Notice i have put a ‘9’ on the boundary of the board.
If we make 9 an undestructable brick, we do not need extra code to handle the boundary at all, like your code example (the tutorial also missed missed to do this).
But for rendering we likely want to clip that boundary and render only the inner 14 x 4 region of the board.

The tutorial seemingly does no continuous collision detection (skimmed over it just quickly), so it can only handle slowly moving balls. That's bad because Breakout becomes boring if you need to long wait periods because the slow ball became trapped into some area where it won't come back to the paddle quickly.

The tutorial also calculates exact circle - aabox collision, which is not needed because we do not want to handle ball-box corner cases, as this would cause unpredictable ball movement. So at this point the tutorial is more complicated than needed, IMO. In this case, introduced ‘inaccuracy’ from approximating the collision representation with just ‘ray vs. horizontal and vertical lines, ignoring ball radius but extruding bricks instead’ is exactly what we want for gameplay.

But somehow i doubt you would find a better tutorial, and if my proposal sounds more confusing than meaningful, i'd go with it.

@JoeJ no need to advise the newbie to use arrays over vector, IMO. They'll just end up with even more pitfalls than they already had…

@JoeJ Baby steps. Don't throw him in the deep.

Also:

Several of the issues that can still occur:

• If the ball goes too fast, it may skip over an object entirely within a single frame, not detecting any collisions.

These chapters are however aimed to teach the readers the basics of several aspects of graphics and game-development. For this reason, this collision scheme serves its purpose; its understandable and works quite well in normal scenarios.

SuperVGA said:
@JoeJ no need to advise the newbie to use arrays over vector, IMO. They'll just end up with even more pitfalls than they already had…

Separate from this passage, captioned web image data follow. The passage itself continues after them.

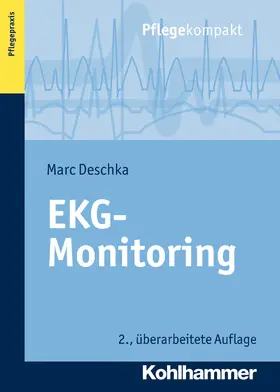 Deschka |  EKG-Monitoring | eBook | Sack Fachmedien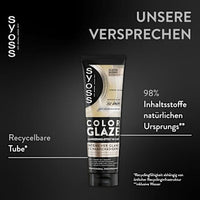 Glossing Color Glaze Platin Blond, 130 ml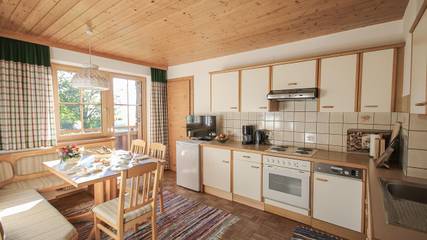 Hütte für 4 Personen in Mittersill, Kitzbüheler Alpen, Bild 1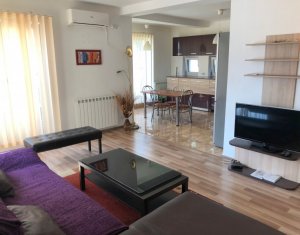 Lakás 3 szobák kiadó on Cluj-napoca, Zóna Zorilor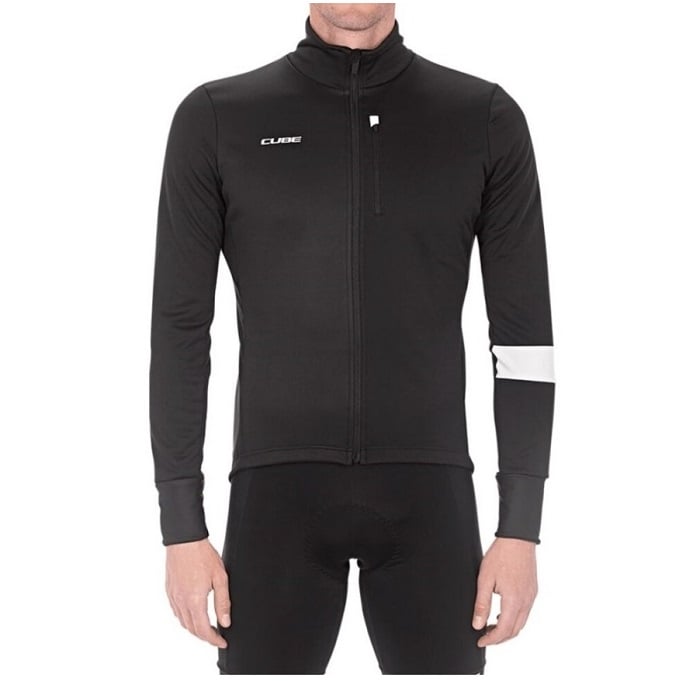 Jacheta Cube Blackline Softshell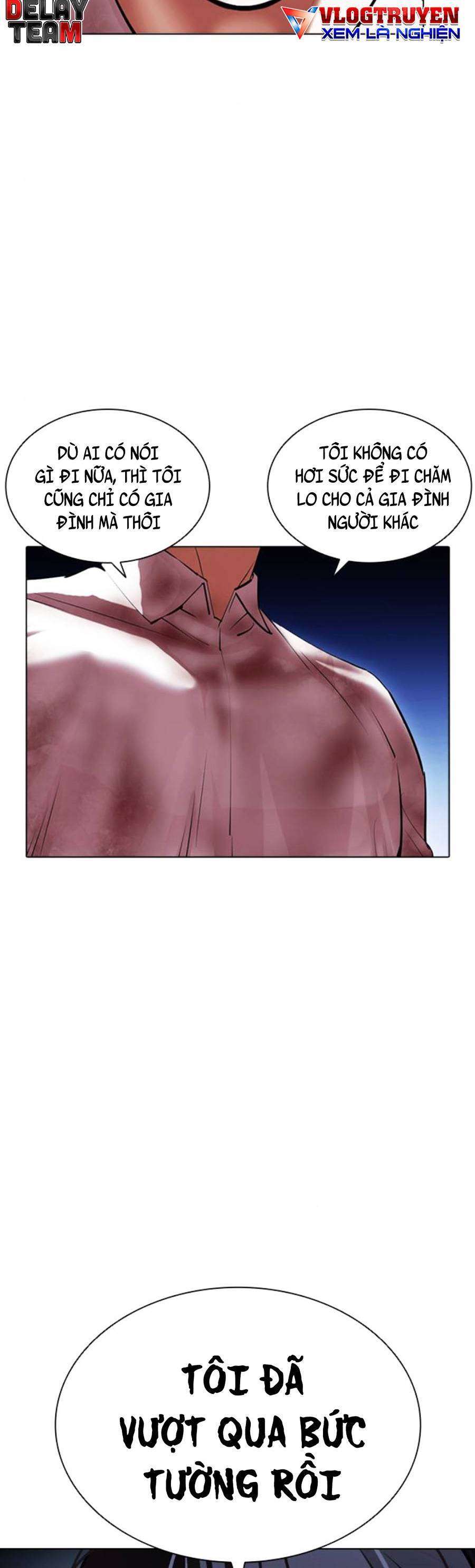 Lookism Chapter 409 - Trang 2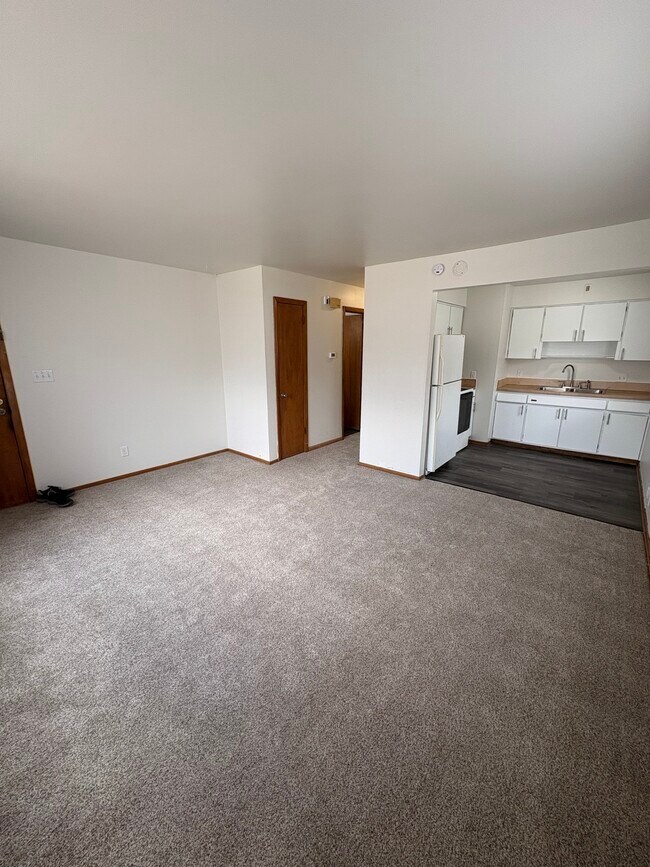 Living Room - 8641 W Lapham St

Yeah. I tried to explain why it does not even matter. Reason i used the char array myself is i can create a demo board so quickly. Tutorial spends a whole site on loading level form file, which does not help to get started either.

Actually i'd use std::vector<uint64_t>. Native machine type and enough bits to handle various states and some timer for animation.
And i have just learned we can initialize this easily too:

vector<uint64_t> board{ 0,1,2,3 };

m_waddams said:
@JoeJ Baby steps. Don't throw him in the deep. Also: Several of the issues that can still occur: If the ball goes too fast, it may skip over an object entirely within a single frame, not detecting any collisions. These chapters are however aimed to teach the readers the basics of several aspects of graphics and game-development. For this reason, this collision scheme serves its purpose; its understandable and works quite well in normal scenarios.

I know. But the ‘proper’ solution has the same complexity in the end. Ray is more complex than a point, but intersection math is much simpler.